For over a year now, Kaylie has taught a children’s art class every Saturday in Nairobi’s Mathare slum. She has also mobilized local artists and art camps, and developed blogs and websites involving the arts in Kenya. Currently, she is preparing for the 5th annual Diaspora of Hope Art Camp. This art camp allows the children Kaylie teaches, as well as many others, to participate in art lessons involving drama, dance, poetry, and mural painting.

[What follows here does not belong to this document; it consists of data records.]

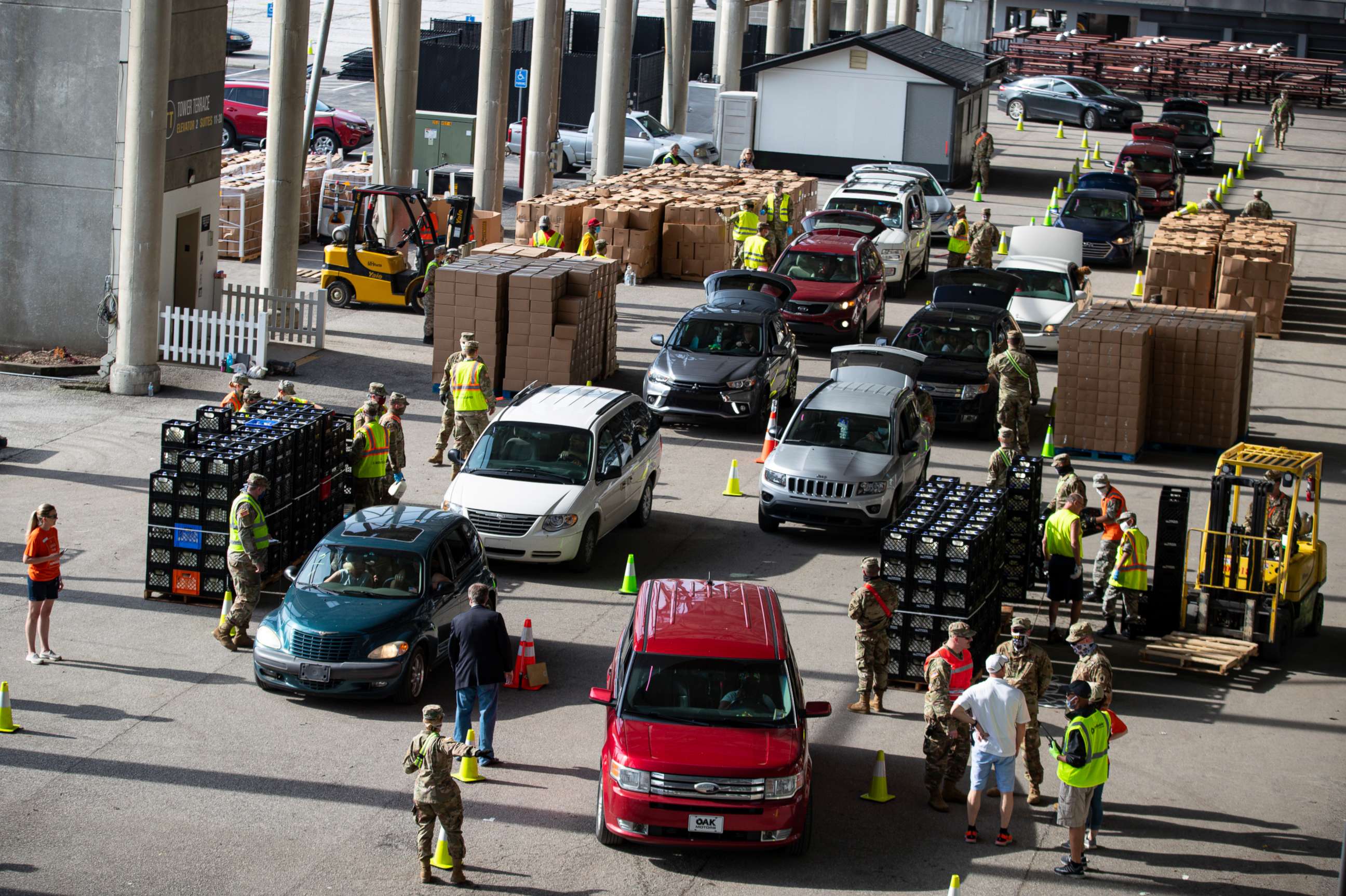 PHOTO: Vehicles move through a food distribution line at the Indianapolis Motor Speedway in Indianapolis, May 23, 2020, for a mobile food distribution event. 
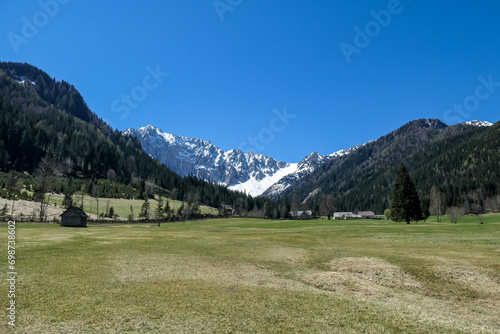 Alpine meadow of the Maerchenwiese with panoramic view of Karawanks mountains in Carinthia, Austria. Looking at snow capped summit of Vertatscha and Hochstuhl. Remote alpine landscape in Bodental photo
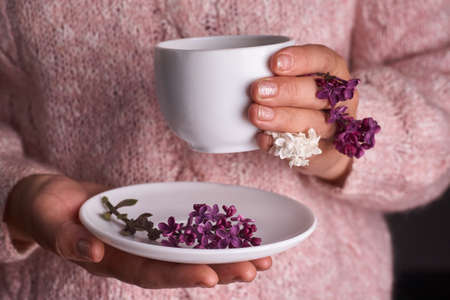 Woman's hand holding a white cup of coffee. With a beautiful lilac flowers. Drink, fashion, morningの写真素材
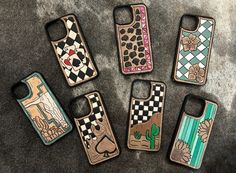 six cell phones with designs on them sitting next to each other in the shape of animals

BuildaBridge’s philosophy is that art is “restorative.” When we create art, Kaylie explains, we are bringing “external expression of an inner reality.” The children in the art programs are able to express through art what they might not otherwise be able to explain–thereby helping them work through traumatic events and hardships they have faced. One example of how Kaylie and her team have done this with children in Nairobi’s slums is through classes that address the concepts of good and evil. She recalls a pottery class she taught, where she had her students talk about the ingredients of the clay and how they mix together. “We discuss[ed] what is good and bad inside of ourselves, likening it to how there is a variety of different ingredients all mixed up into one mass of clay.”
The God of the Bible is a God who delights in beauty. God-given artistic talent can be stewarded to showcase this attribute of God, and can be used to advance the healing and hope our loving Savior has for children worldwide. Through her vocational stewardship, Kaylie Sauter has brought a foretaste of this to “the least of these” in Nairobi.